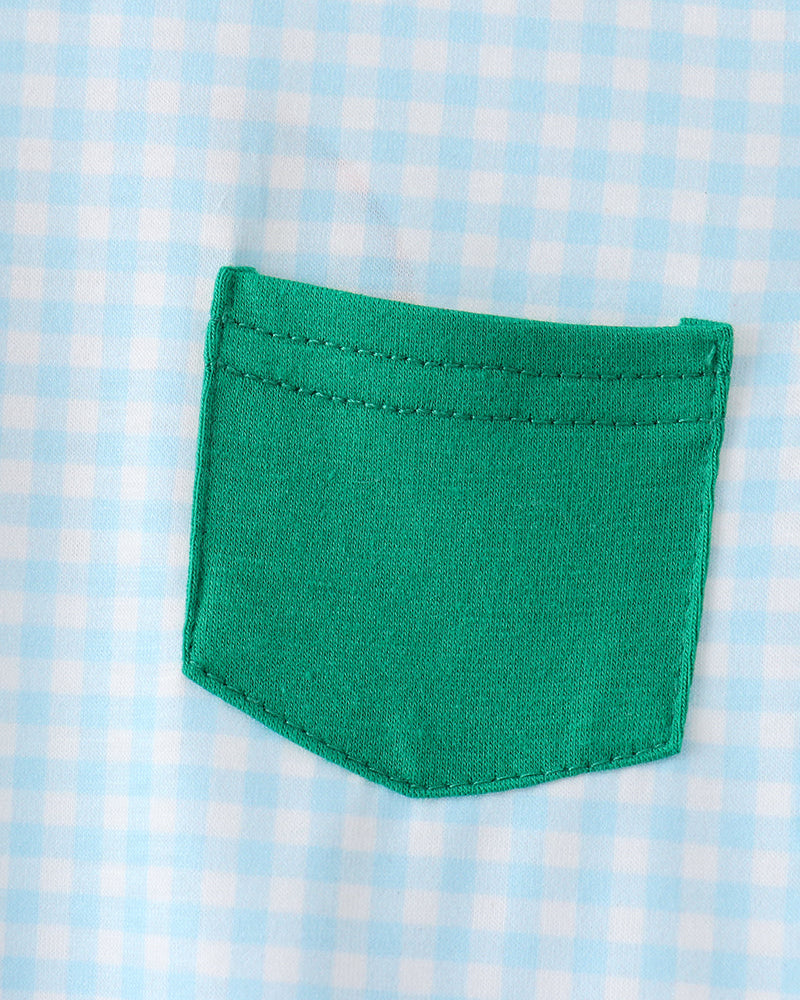 Green pocket on a blue and white checkered fabric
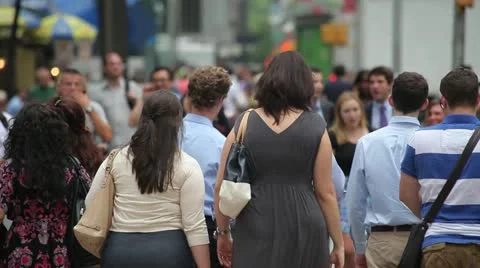 Crowd of people walking crossing street New York Stock Footage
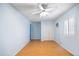 Bright bedroom featuring hardwood floors, a ceiling fan, and a window with white shutters at 5513 E Grovers Ave, Scottsdale, AZ 85254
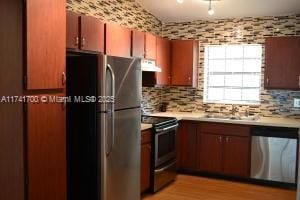 kitchen featuring appliances with stainless steel finishes, sink, light hardwood / wood-style flooring, and backsplash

* What you should do
Begin at the line containing "Crowd of people" and stop at the last line of the data. Repeat only those lines, exactly, and leave out the pictures.

* Answer to this problem
 Crowd of people walking crossing street New York Stock Footage
 Bright bedroom featuring hardwood floors, a ceiling fan, and a window with white shutters at 5513 E Grovers Ave, Scottsdale, AZ 85254
 kitchen featuring appliances with stainless steel finishes, sink, light hardwood / wood-style flooring, and backsplash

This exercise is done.